## Task brief
Each line below from the line with "Preview: Couchtisch Schwarz" to the line with "Креативная магнитная складная" must be copied exactly, including those two, and no picture may appear in the copy.

## Entries shown
+++
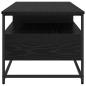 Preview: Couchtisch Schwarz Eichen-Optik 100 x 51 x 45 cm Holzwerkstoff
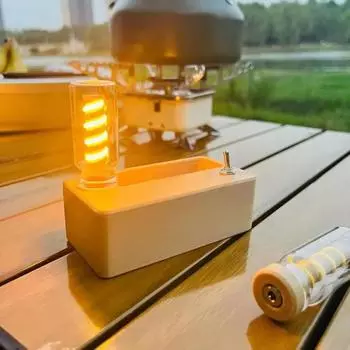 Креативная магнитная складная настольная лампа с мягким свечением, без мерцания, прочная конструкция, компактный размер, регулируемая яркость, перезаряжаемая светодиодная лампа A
+++
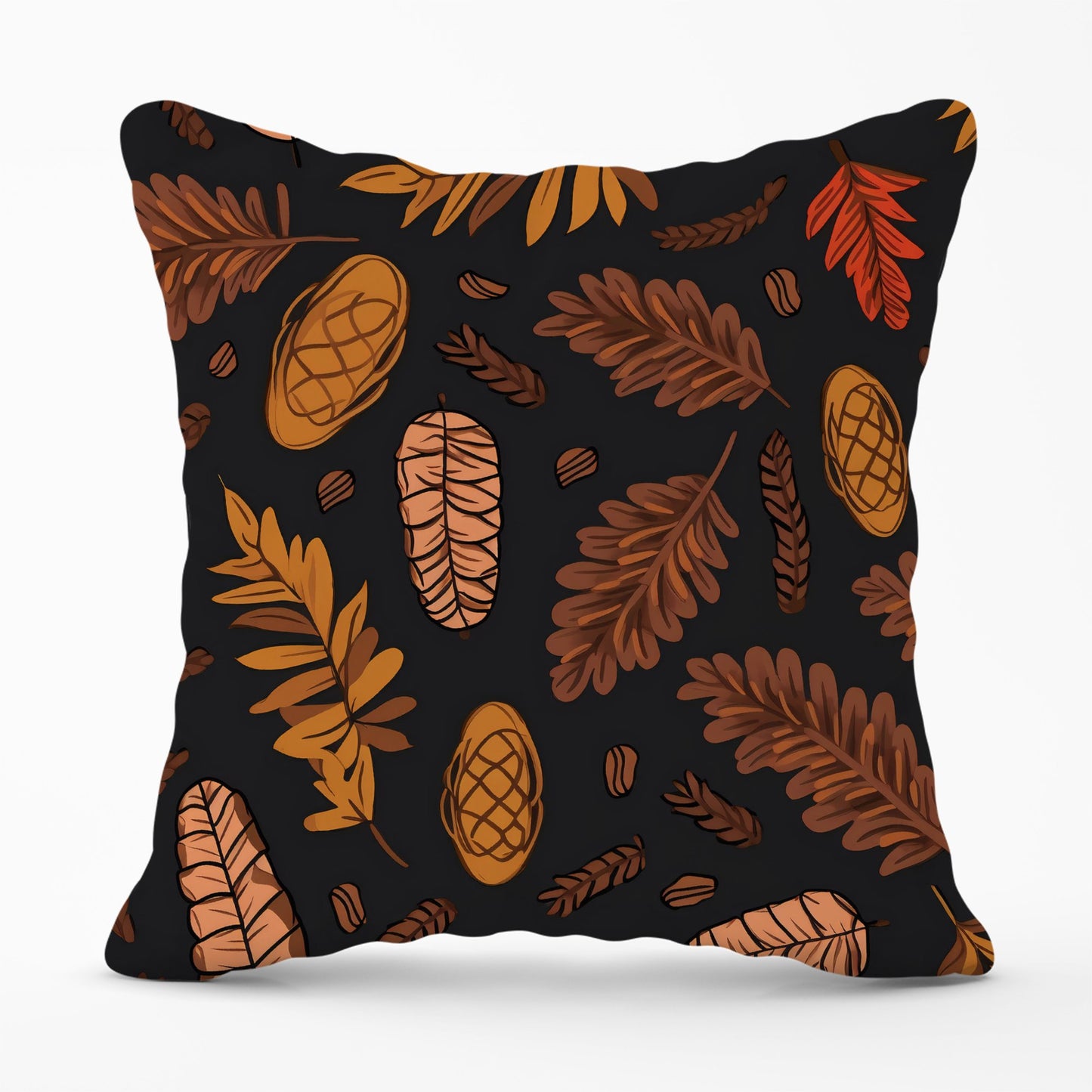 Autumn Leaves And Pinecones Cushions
+++
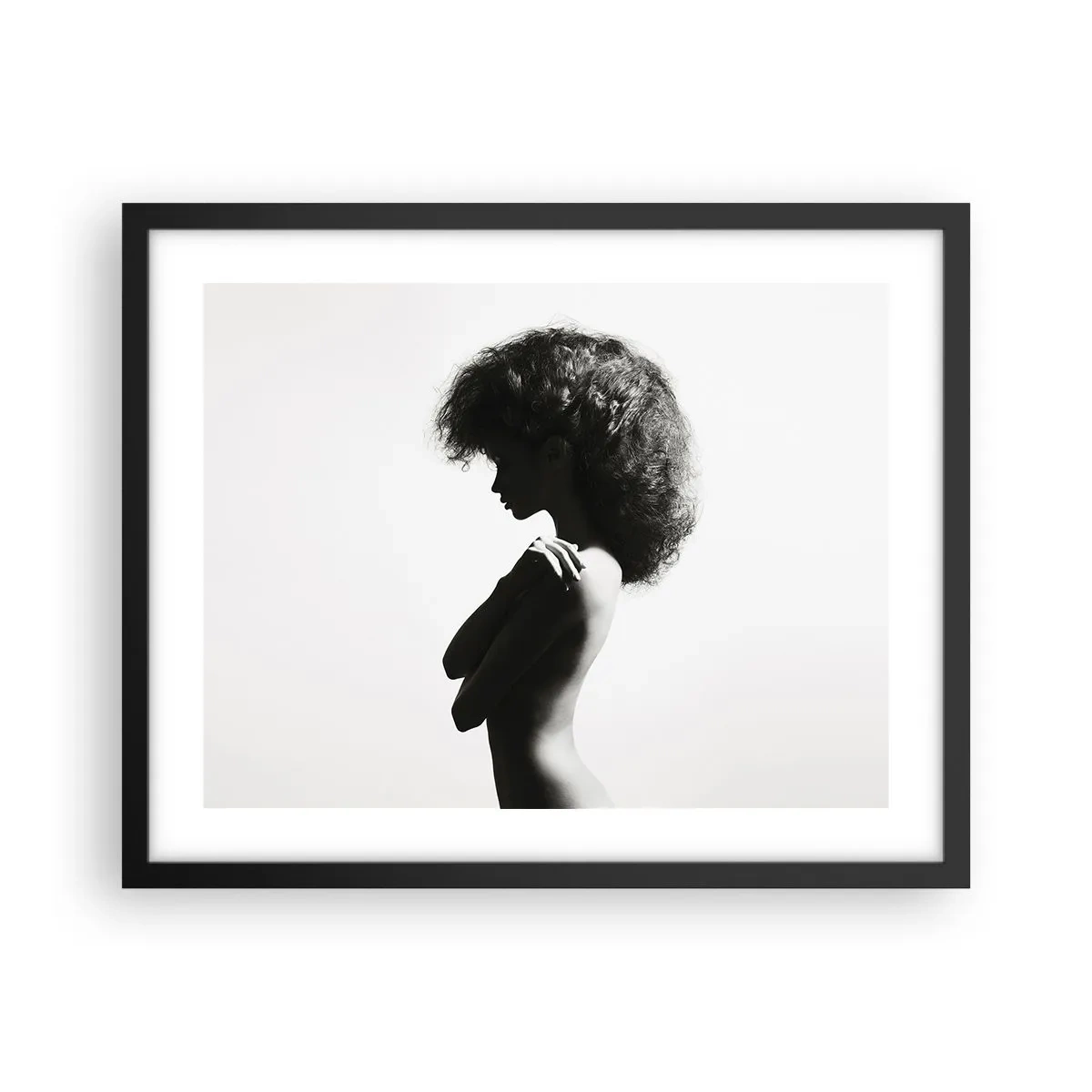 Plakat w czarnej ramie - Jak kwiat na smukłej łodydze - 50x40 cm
+++
## Task output
 Preview: Couchtisch Schwarz Eichen-Optik 100 x 51 x 45 cm Holzwerkstoff
 Креативная магнитная складная настольная лампа с мягким свечением, без мерцания, прочная конструкция, компактный размер, регулируемая яркость, перезаряжаемая светодиодная лампа A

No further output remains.